Hi, my colleague and I are using RasterVision to detect objects from aerial imagery. To get started, we build a pipeline using the rastervision pipeline setup and it achieves great results with little work from us. This is super cool! In an effort to gain more visibility/customize-ability into the pipeline, we want to recreate the experiment using rastervision to handle our datasets and predictions, and pytorch/lightning for our model.

Before I get into my question, I totally know this may not be a RasterVision issue, it could just be a model training/optimization or dataset question in which case this is not the place to ask, but I'm curious if I'm missing something obvious from the rastervision side. Following the lightning tutorial on the website, and all the great help you've provided me on the discussions the past week, I finally got a training+prediction pipeline working the other day. But strangely, even though my loss converges to 0 somewhat smoothly, my mAP and mAP50 metrics seem to level off around 50-60%, and my actual prediction boxes are all over the place.

Colleague's working pipeline repository
My not-so-working RV+lightning repo

Both of us are using a pretrained version of ResNet50 and training on the same data. The only major difference is that he is using the pipeline and I am not. [Here is a link to his pipeline configuration] (https://github.com/aerotractjack/rvml/blob/seth/rvpipeline.py).
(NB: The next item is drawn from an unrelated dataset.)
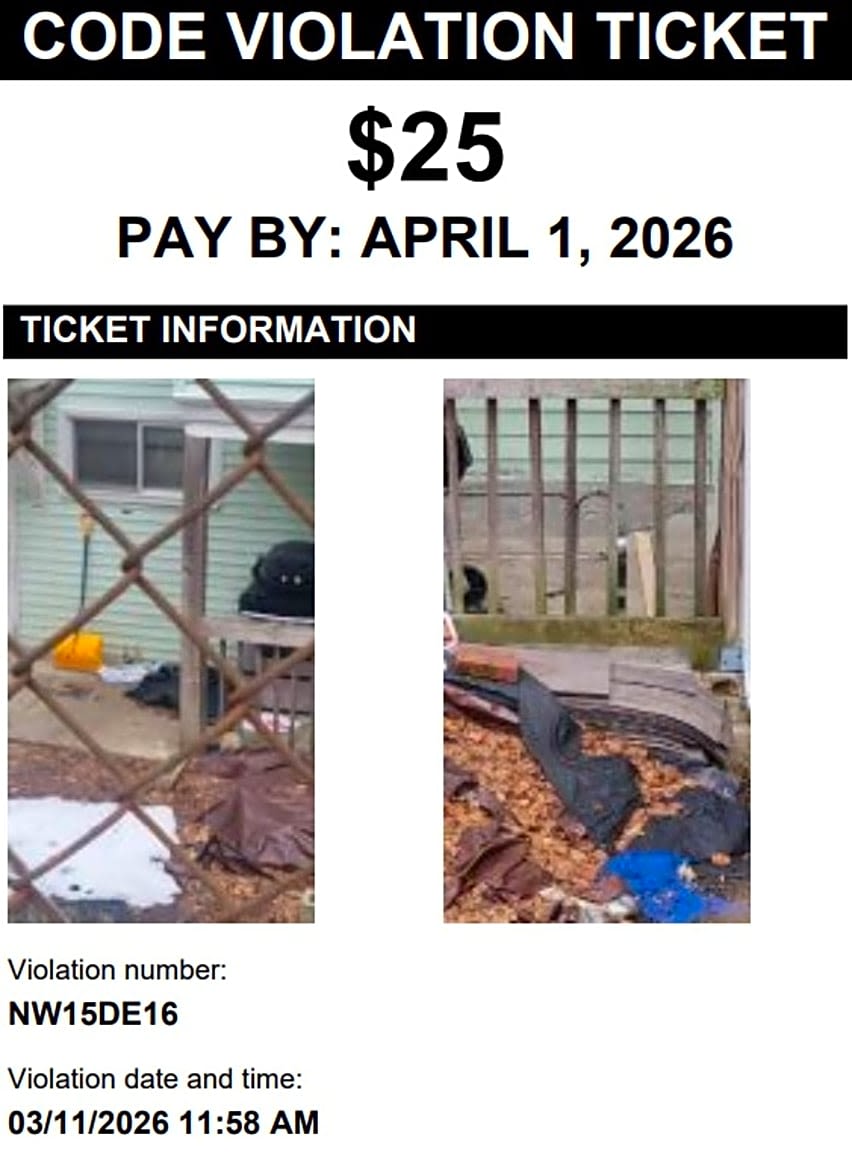 Image submitted with report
One important snippet is how he defines his model

# input-config.yaml
backbone_config:  
  source: "rastervision"
  name: "resnet50"

# create model from config file
def get_model_cfg(bbkw, class_config):
    ''' Return instance of model defined in config YAML file'''
    src = bbkw["source"]
    if src == "rastervision":
        name = bbkw["name"]
        backbone = getattr(Backbone, name)
        return ObjectDetectionModelConfig(backbone=backbone)
    elif src == "external":
        external_def = ExternalModuleConfig(
            github_repo=bbkw["github_repo"],
            name=bbkw["name"],
            entrypoint=bbkw["entrypoint"],
            force_reload=bbkw.get("force_reload", True),
            entrypoint_kwargs={
                "num_classes": len(class_config) + 1,
                "pretrained": bbkw.get("pretrained", False),
                "pretrained_backbone": bbkw.get("pretrained_backbone", True)
            }
        )
        return ObjectDetectionModelConfig(external_def=external_def)
    else:
        raise NotImplementedError("valid Backbone sources: {rastervision, external}")
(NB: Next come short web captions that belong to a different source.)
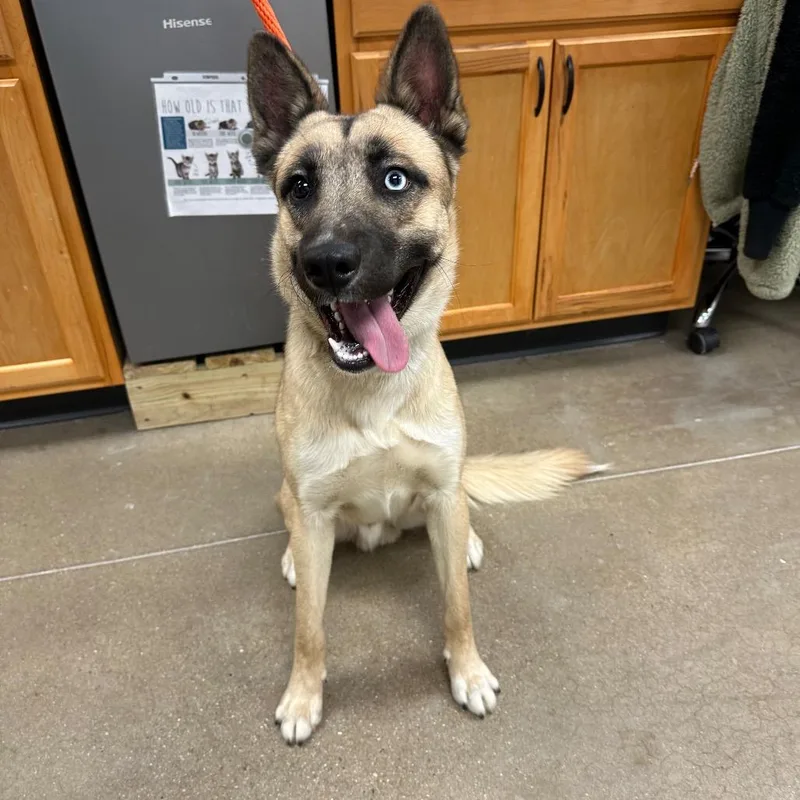 An adult large-sized male Brown / Chocolate German Shepherd Dog dog named Blue for adoption in York, PA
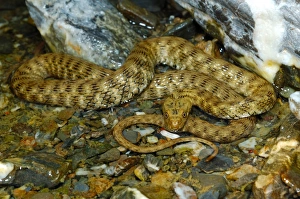 Snakes Prints: Dice Snake (Natrix tessellata) adult, in shallow water of rocky stream, Italy, july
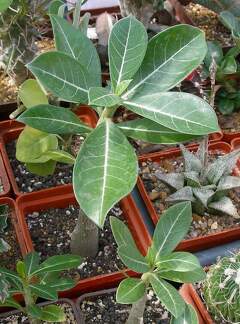 Выставка 02-04.09.2011 на Куликовом поле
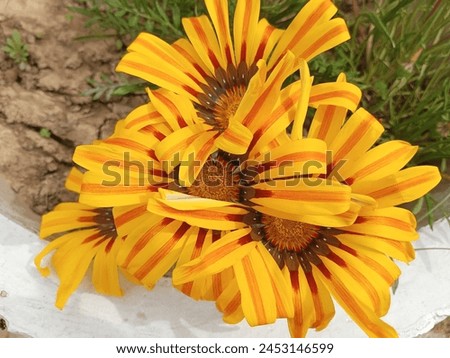 Gazania flowers, also known as Treasure Flowers, are dazzling annuals prized for their vibrant, daisy-like blooms and drought tolerance. These are in yellow, orange, red, purple, pink, and contrassed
And here is how I create my model

# input-config.yaml
model_kw:
  name: fasterrcnn_resnet50_fpn_v2
  lr: 1e-4

class RVLightining(RVBase):
    ...
    def model_type(self):
        try:
            return getattr(torchvision.models.detection, self.kw["model_kw"]["name"])
        except:
            return getattr(torchvision.models, self.kw["model_kw"]["name"])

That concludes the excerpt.